Tone Madison: The whole play-within-a-play thing gives your character, John, an interesting arc, because you go from being humiliated to being this pompous king. Creon always comes off as not just unsympathetic, but a bit weak in his way. Do you find that there are some interesting layers there in terms of masculinity and power?
La Shawn Banks: Why don't you tell me what you thought. I'm not sure that I thought of it that way. You mean the arc of John into Creon?
Tone Madison: Right, the way that John plays Creon. He seems to make a lot of interesting choices in that portrayal. How did you think this character interprets the role of Creon?

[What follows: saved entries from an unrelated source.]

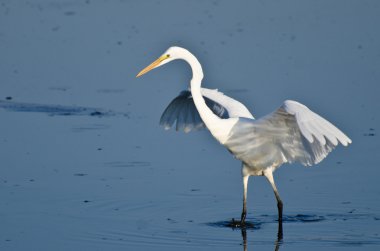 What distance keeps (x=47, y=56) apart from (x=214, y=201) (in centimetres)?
687

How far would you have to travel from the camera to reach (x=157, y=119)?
42.1ft

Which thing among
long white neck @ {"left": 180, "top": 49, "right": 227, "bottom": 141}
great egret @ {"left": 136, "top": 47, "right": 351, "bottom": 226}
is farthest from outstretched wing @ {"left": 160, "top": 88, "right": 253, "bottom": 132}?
long white neck @ {"left": 180, "top": 49, "right": 227, "bottom": 141}

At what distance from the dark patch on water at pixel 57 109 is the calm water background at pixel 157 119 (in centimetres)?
3

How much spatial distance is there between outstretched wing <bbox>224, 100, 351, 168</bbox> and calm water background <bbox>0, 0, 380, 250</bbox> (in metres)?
0.57

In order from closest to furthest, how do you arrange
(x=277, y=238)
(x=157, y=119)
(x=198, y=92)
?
(x=277, y=238) → (x=198, y=92) → (x=157, y=119)

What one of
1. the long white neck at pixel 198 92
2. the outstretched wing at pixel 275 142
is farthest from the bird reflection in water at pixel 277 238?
the long white neck at pixel 198 92

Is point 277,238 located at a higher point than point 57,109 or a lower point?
lower

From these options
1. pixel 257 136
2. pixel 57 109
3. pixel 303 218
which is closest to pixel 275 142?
pixel 257 136

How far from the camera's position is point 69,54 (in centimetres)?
1641

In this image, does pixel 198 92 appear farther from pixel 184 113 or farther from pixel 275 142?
pixel 184 113

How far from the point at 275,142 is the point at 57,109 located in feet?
14.8

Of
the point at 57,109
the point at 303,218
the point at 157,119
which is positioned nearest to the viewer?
the point at 303,218

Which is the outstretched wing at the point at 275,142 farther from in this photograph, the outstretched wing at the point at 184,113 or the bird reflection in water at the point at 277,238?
the outstretched wing at the point at 184,113

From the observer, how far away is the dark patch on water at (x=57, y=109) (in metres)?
13.2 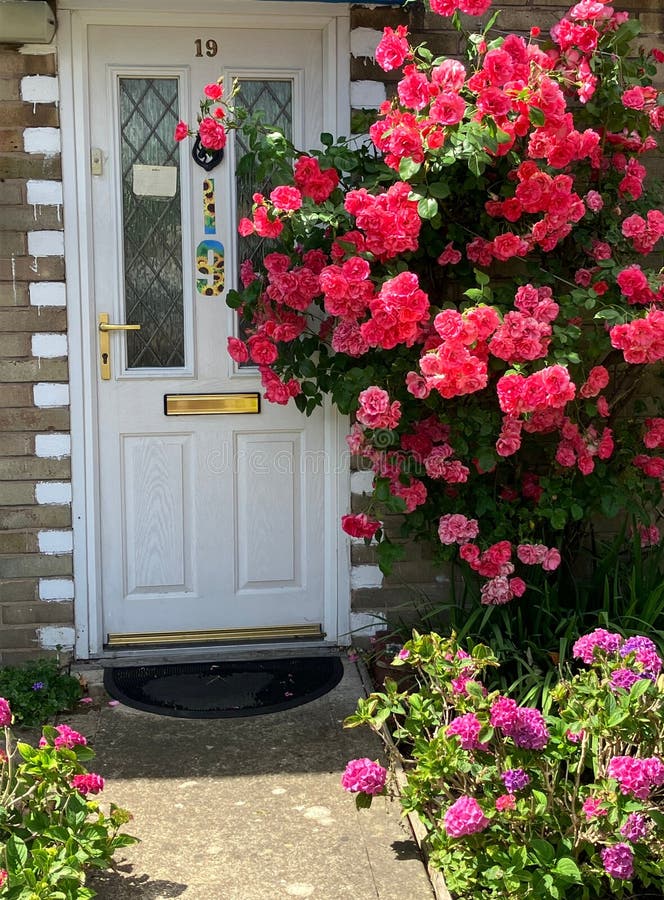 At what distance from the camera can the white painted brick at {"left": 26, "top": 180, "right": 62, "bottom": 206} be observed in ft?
12.6

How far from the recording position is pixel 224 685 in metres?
3.91

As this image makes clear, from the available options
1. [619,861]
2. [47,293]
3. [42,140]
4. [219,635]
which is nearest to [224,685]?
[219,635]

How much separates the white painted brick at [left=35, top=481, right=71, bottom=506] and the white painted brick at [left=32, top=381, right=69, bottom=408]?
306 millimetres

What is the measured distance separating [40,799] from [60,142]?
8.03 ft

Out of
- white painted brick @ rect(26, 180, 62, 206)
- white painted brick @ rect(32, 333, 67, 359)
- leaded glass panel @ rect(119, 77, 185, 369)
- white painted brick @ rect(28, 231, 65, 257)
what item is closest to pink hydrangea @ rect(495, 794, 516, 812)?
leaded glass panel @ rect(119, 77, 185, 369)

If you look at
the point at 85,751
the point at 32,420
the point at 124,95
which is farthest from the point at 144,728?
the point at 124,95

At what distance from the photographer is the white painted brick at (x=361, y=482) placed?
13.6ft

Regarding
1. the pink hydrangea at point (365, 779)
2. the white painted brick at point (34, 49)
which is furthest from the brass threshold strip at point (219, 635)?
the white painted brick at point (34, 49)

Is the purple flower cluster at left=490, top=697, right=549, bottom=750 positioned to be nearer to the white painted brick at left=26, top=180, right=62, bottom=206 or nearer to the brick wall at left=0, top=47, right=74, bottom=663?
the brick wall at left=0, top=47, right=74, bottom=663

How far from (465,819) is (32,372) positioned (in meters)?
2.40

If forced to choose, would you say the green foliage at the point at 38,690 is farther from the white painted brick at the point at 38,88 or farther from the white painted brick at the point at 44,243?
the white painted brick at the point at 38,88

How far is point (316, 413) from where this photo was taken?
417 cm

La Shawn Banks: There was a lot of discussion about him physically, for sure. Whenever we worked on that scene, we talked about just the amount of space, his size, because the language is so big and the ideas are so big, and then you're doing Greek tragedy played in South Africa. We as John and Winston have to imagine the audience of prisoners, a room full of incarcerated black men. That's who the end of the play is for, though the irony and layering of it is that in actuality it's a room full of white people. In our world, there's only a few white people in that room and they represent guards and the warden and the people who are in charge of the prison. It's such a weird juxtaposition theatrically, anyway. It just requires a delivery that you cannot be small. It doesn't work. We tried it. And trying to find size in the Touchstone is very interesting, because it does ring as something that is really big in there. It's kind of like doing a play on a film set, being in there. So yeah, there was a lot of discussion about him physically and I worked to make sure his physical life is as large as the life as his words, you know. One has to, I think, find that size—and he's a king, which is a lot of fun to play. Our director, Derrick Sanders, at one point in rehearsal had spoken about when he was in school, and when he did the play before as an actor, someone had told him that when imagining yourself as someone this size, imagine there are six people in front of you and on either side of you and in back of you, and that's how large you have to be. I think it's called the doppleganger exercise—you just imagine you have 24 dopplegangers, 24 other yous, and that's the size of you. When others drop in imagery that like that, I devour that, because it just fuels my work. That was kind of the discussion that was how we arrived at, and how we still are arrived at, what Creon is, and what Creon is in comparison to Antigone.